The Most Expensive Problem in Any Business Is the One Nobody Has Named
There is a version of a business problem that is loud. It gets escalated. It gets meetings. It gets a workaround. It might not get solved, but it does get attention.
And then there is the other kind.
The problem that gets normalised
The expensive constraint in most businesses isn't the one everyone is talking about. It's the one nobody is questioning. A process designed for a smaller business that was never redesigned as the company grew. A gap in the reporting that everyone has learned to work around. A handover between two functions that generates friction every single time, and the team has simply absorbed it as normal.

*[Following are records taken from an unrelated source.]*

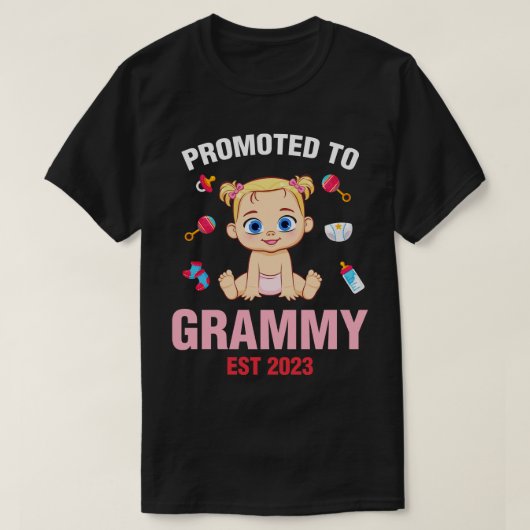 Schattigee Baby Gepromoveerd naar Granny Est 2023 T-shirt (Design voorkant)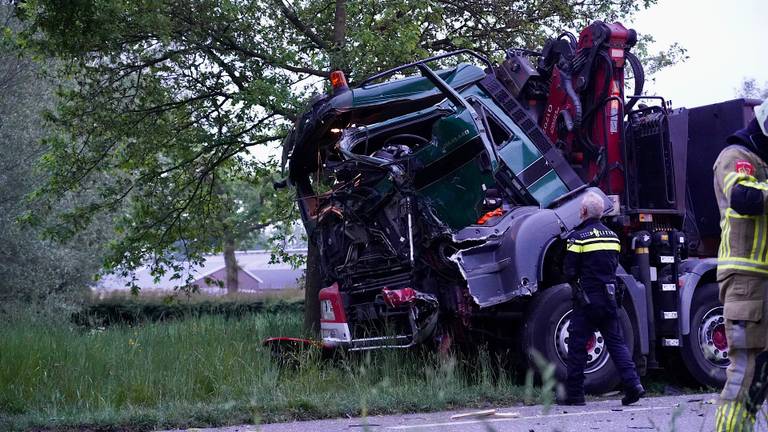 Chauffeur overleden na botsing tussen twee vrachtwagens in Gilze 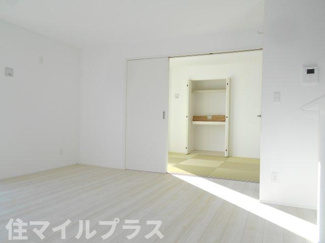 【居間・リビング】 | 郡山市横塚5丁目新築一戸建て4棟 | ゆったり過ごせる居間です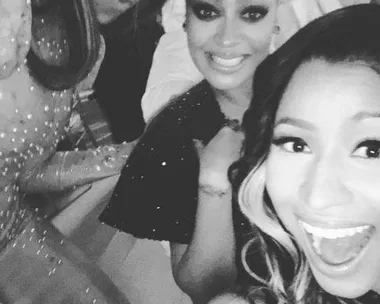 Nicki Minaj and Beyonce selfie.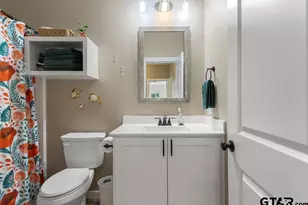 17110 Crossing Cir, Lindale, TX 75771 - Photo 17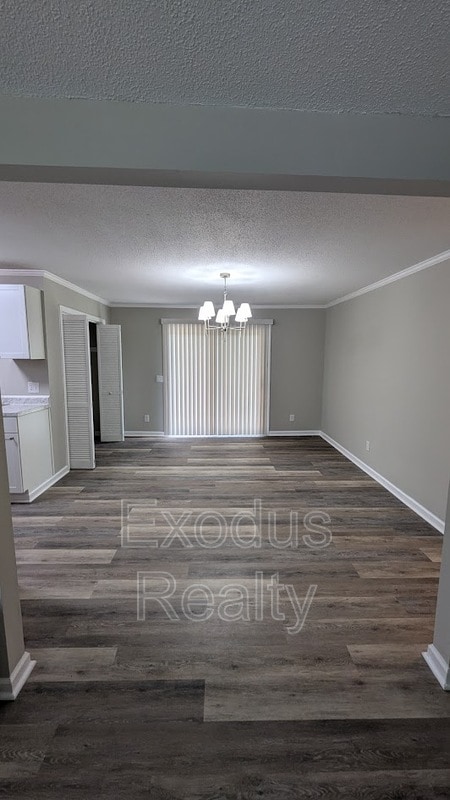 Building Photo - 8708 Peach Tree Dr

These problems compound quietly. Every month they stay unnamed, they cost: in margin, in time, in founder bandwidth diverted to execution that should have been delegated by now.
Why they stay hidden
The answer is usually familiarity. When a problem has been present long enough, it stops registering as a problem. It becomes the way the business works. New hires are onboarded into it. Processes are built around it rather than to replace it.
An outside read cuts through this quickly. What looks invisible from the inside is usually identifiable within weeks of someone with a different reference point looking at the business clearly.
What right-sized looks like
The fix is almost never as complex as the problem looks once it's named. This is important: an expensive system where a redesigned workflow would do is not an improvement. It's a cost with a new set of problems attached.
Right-sized means the fix fits the business as it is, not the business as it aspires to be. Overengineered means it creates dependencies and overheads the business didn't have before.
The diagnostic work is where the value is concentrated. Name the constraint specifically. Build the right fix. Make sure it holds.